Prosecution barrister Robin Steer said Bradley had initially "broken down in tears" after claiming she could not find the community bank books needed for an audit last November.
Eventually she returned in early December and confessed to her manager "that she had doctored" bank statements to cover her taking cheques and lodging them into her own account.
Mr Steer said Bradley said she had "a drug addiction", at which stage her manager told her she had "no choice but to sack her and inform the police". In all there were 28 separate transactions amounting to £15,447.18.
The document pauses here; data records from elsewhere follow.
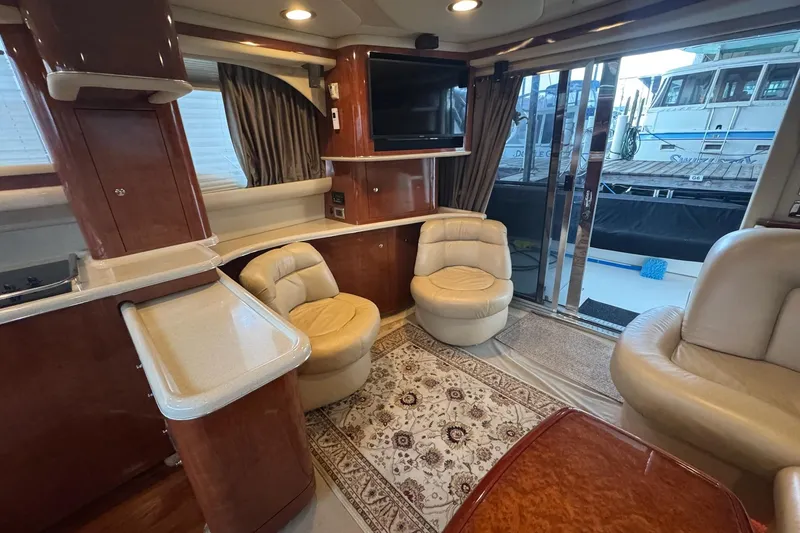 Slide: The Image of Luxurious 2003 Sea Ray 480 Sedan Bridge interior with plush seating and elegant wood finishes. - 8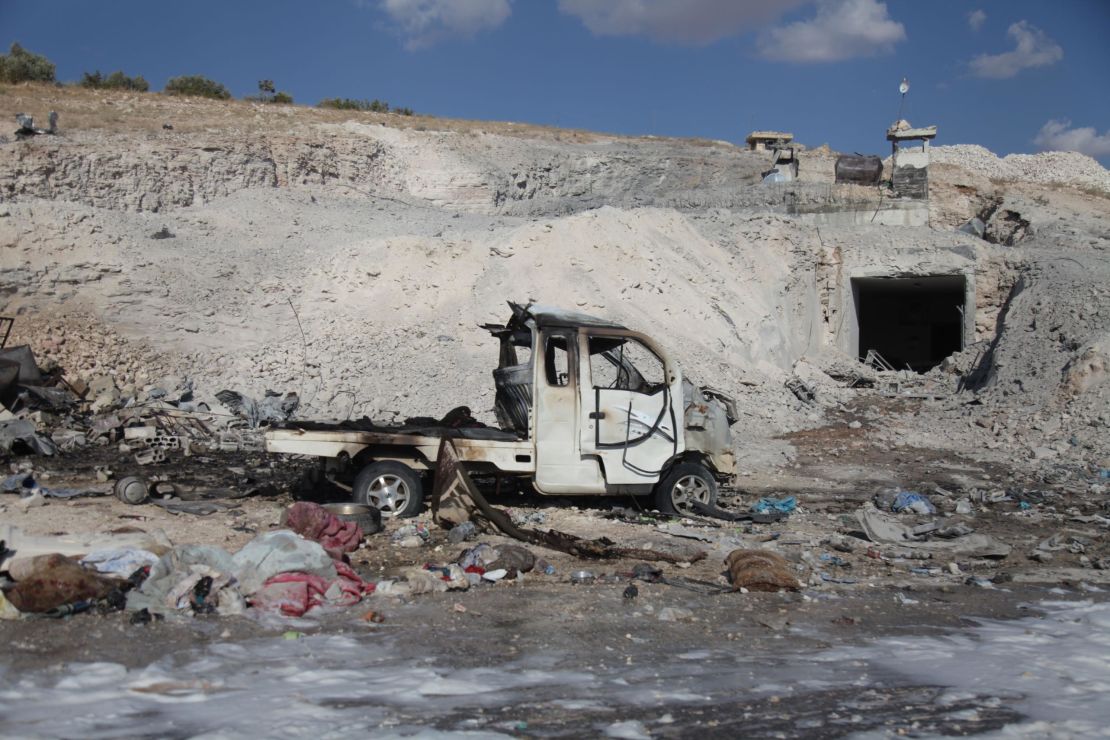 A burned vehicle and personal belongings are seen Saturday in Hass, Syria, after an airstrike.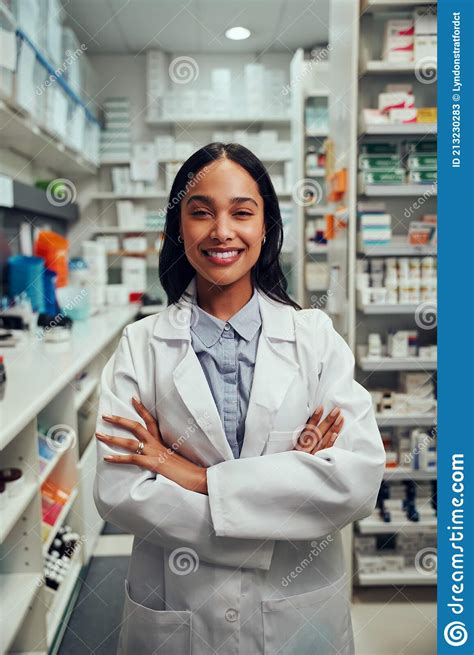 Portrait Of Smiling Young African American Woman Pharmacist Wearing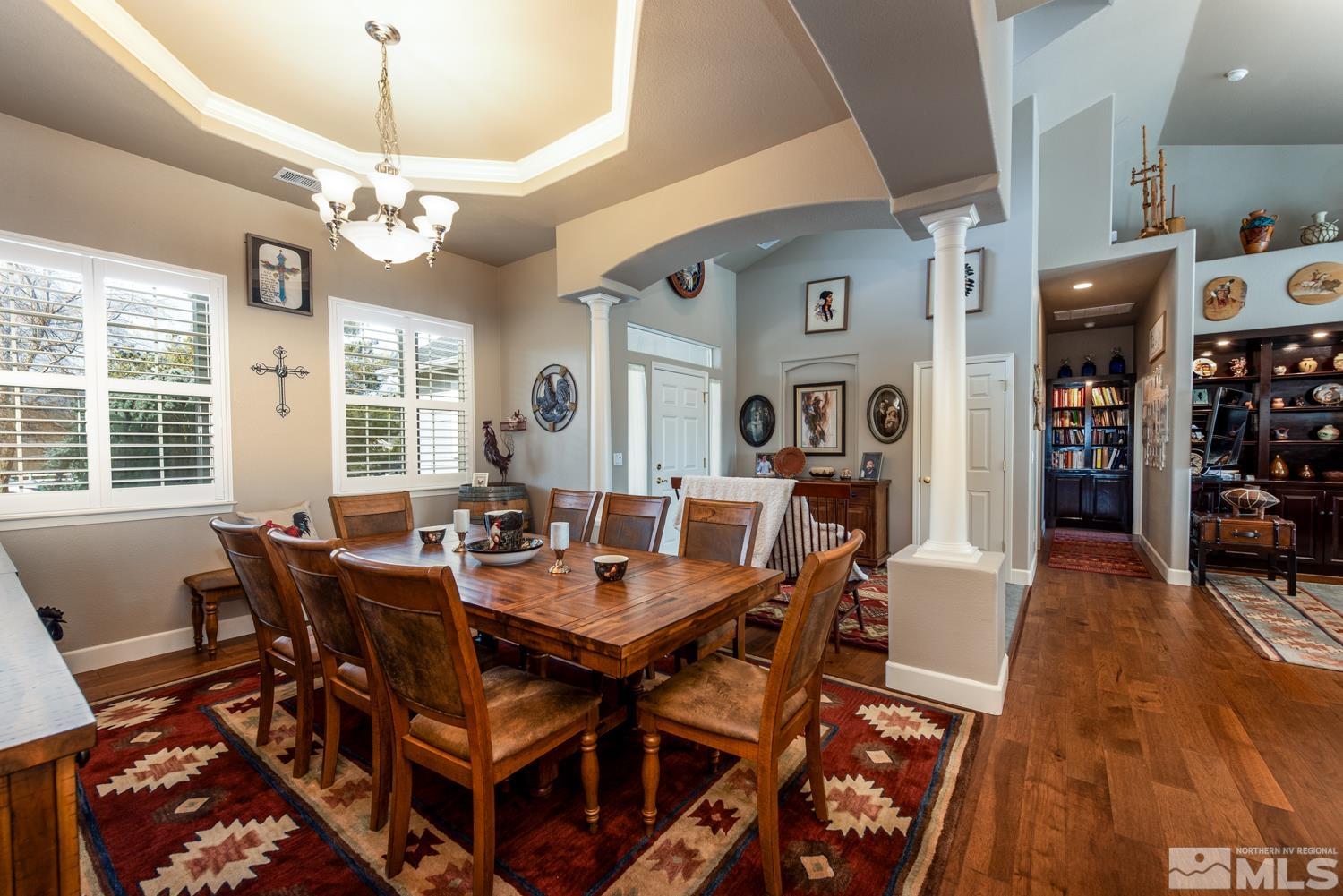 2603 Skyline Drive Minden, NV 89423 - Photo 12 of 40 a view of a dining room with furniture a chandelier and wooden floor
Solicitor advocate Stephen Keown said Bradley, who readily admitted her guilt to police, had a history of mental health difficulties from a young age and had used the money, about £200 to £300 a week to buy cannabis and spend on family and acquaintances.
Reports also indicated, said Mr Keown, this gave Bradley, who felt inadequate, feelings of wellbeing and worth. However, he added while Bradley "apologised" and her admissions indicated her remorse, regret and shame, she had "no means of getting her hands on this type of money" to make restitution.
The CRI community group, who give Bradley a chance in employing her despite a previous criminal record, was set up as a limited company in 2010 following the amalgamation of three communities in inner south Belfast.